* **EXERCISE GOAL**
Set down nothing but the lines from the one containing "100 Days Of" to the final line of the material, exactly as written, and drop the pictures.

* **DATA EXCERPT**
▬▬▬

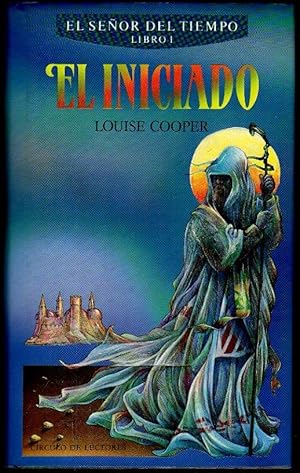 El iniciado (Libro I de la trilogía El Señor del Tiempo)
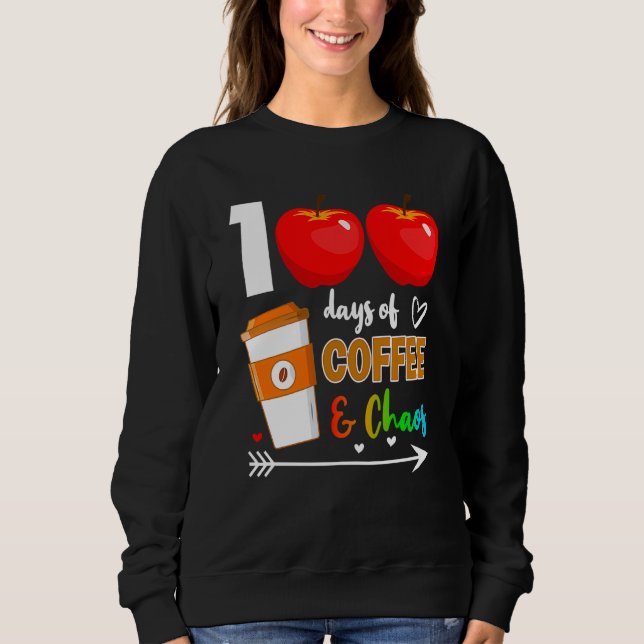 100 Days Of Coffee & Chaos 100th Day Of School Tea Sweatshirt (Front)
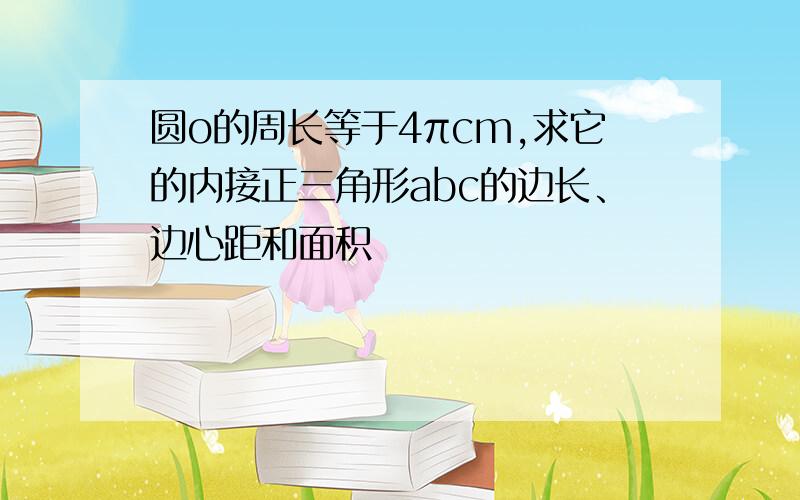 圆o的周长等于4πcm,求它的内接正三角形abc的边长、边心距和面积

▬▬▬

* **TASK RESPONSE**
 100 Days Of Coffee & Chaos 100th Day Of School Tea Sweatshirt (Front)
 圆o的周长等于4πcm,求它的内接正三角形abc的边长、边心距和面积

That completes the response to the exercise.